Ne pas perdre Edith Bruck

Philippe MesnardUniversité Clermont Auvergne (UCA) / CELIS EA 4280, Institut Universitaire de France
Paru le : 15.06.2023

Ce début 2022 permet de découvrir Edith Bruck, écrivaine et poétesse, encore quasiment inconnue du lectorat francophone. Son œuvre est pourtant considérable, aussi bien en intensité de par son style simple et dense à la fois, qu’en nombre, une vingtaine d’ouvrages, et en variété, du récit au poème, de l’essai narratif au scénario ou à la pièce de théâtre. Elle obtient en 2020 des prix importants, le Strega et, pour la seconde fois, le Viareggio. On trouve ainsi en librairie trois de ses ouvrages. Ce sont les deux récits Le Pain perdu (2020) aux éditions du sous-sol et Qui t’aime ainsi (1959) en Points Seuil, respectivement traduits par René de Ceccatty et Patricia Amardeil, et le recueil de poèmes Pourquoi aurais-je survécu ? (2021) chez Rivages Poche, traduit et préfacé par René de Ceccatty. C’est là un ensemble qui donne la mesure de la force poétique et narrative de cette auteure née en Hongrie en 1931, juive déportée à Auschwitz à l’âge de 13 ans, qui s’assume en témoin inconditionnel, sans concession aux arrangements ni aux réconciliations d’aucune sorte. Elle vit en Italie depuis le milieu des années 1950, seule terre où elle a accepté d’être vraiment accueillie, seule langue qu’elle a définitivement adoptée.

 

Une œuvre peut se constituer de la reprise et de la réécriture d’épisodes de la vie. Plus elle va de l’avant, plus elle prend la tournure d’une fouille de ses propres arcanes par l’auteur(e), se frayant un chemin entre écriture et existence. Alors, ce n’est pas en cherchant son originalité ou son « authenticité » que l’on en trouvera le génie, mais dans les réajustements incessants de leurs successives reformulations, entre rappels de faits immémoriaux et mises en scène des approximations de la mémoire. Il en est ainsi du Pain perdu, ce dernier récit d’Edith Bruck porté par un souffle qui lui permet de ramasser en moins de 170 pages les moments déterminants de sa biographie. Souffle, en effet, c’est ce qu’Edith Bruck prodigue à qui découvre ces pages pour ne les laisser qu’après les avoir bues, toutes, malgré l’âpreté de nombreux passages, d’un trait. Dans la perspective qui se dégage alors, on comprend l’importance de republier également Qui t’aime ainsi qui, n’ayant rien perdu de sa force après plus de soixante ans, témoigne directement et de la Shoah et de l’errance des survivants à travers une Europe en ruine. Ce tout premier ouvrage, initialement paru en 1959, avait marqué le commencement d’une création foisonnante qui, dans un style simple et dense, s’est évertuée à tracer et retracer le monde concentrique et dispersé à la fois d’où Edith Bruck est parvenue à extraire pour se construire femme, auteure, artiste tout ensemble et indissociablement.

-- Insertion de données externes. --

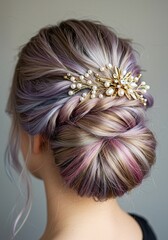 Naklejka premium Elegant Low Bun Hairstyle with Braids and Pearl Embellishment, easter hairstyle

La destruction des Juifs hongrois est connue. Imré Kertész, dans Être sans destin, avait décrit la violence de cette déportation où, sous l’autorité d’Eichmann, ont été acheminés principalement vers Auschwitz environ 430 000 d’entre eux littéralement arrachés à leur demeure par les gendarmes et les Croix fléchées (les fascistes hongrois). Mais on a moins conscience que quantité venaient de petits villages et villes dans lesquels ils demeuraient depuis des générations de façon modeste, ou moindre encore, en butte à un antisémitisme aussi quotidien qu’obstiné. C’est là la condition de la famille nombreuse d’Edith Bruck qui est élevée dans un milieu dont elle rappelle souvent la pauvreté. D’où « La petite fille aux pieds nus », titre du chapitre inaugural du Pain perdu qui s’annonce comme un conte dès la première ligne avec son « il y a très très longtemps ». Mais un conte des plus sombres dont aucune raison ne justifiait que pût sortir vivante Ditke (diminutif affectif d’Edith). Sa communauté ne disposait de place qu’aux marges intérieures d’une société qui ne lui en laissait guère, jusqu’au jour où tous ses membres en ont été expulsés pour être anéantis. « Tout ce qui se produisit durant ces quelques minutes ne pouvait être une chose réelle pour personne », lit-on page 36.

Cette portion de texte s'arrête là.